THE TASK
Your answer must hold only the lines below from the line containing "Vorschauseite 2: Hormonelle" through the line containing "一天22元逾期利息 一天22元逾期利息", each reproduced exactly.

DATA PROVIDED
· · ·

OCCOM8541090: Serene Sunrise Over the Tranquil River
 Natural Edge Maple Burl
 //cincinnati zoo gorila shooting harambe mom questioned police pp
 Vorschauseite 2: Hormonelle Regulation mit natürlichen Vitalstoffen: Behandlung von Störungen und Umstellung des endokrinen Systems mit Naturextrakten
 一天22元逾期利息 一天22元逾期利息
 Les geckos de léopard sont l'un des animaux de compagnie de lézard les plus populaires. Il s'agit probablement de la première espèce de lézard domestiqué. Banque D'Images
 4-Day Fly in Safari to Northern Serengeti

· · ·

RESULT
 Vorschauseite 2: Hormonelle Regulation mit natürlichen Vitalstoffen: Behandlung von Störungen und Umstellung des endokrinen Systems mit Naturextrakten
 一天22元逾期利息 一天22元逾期利息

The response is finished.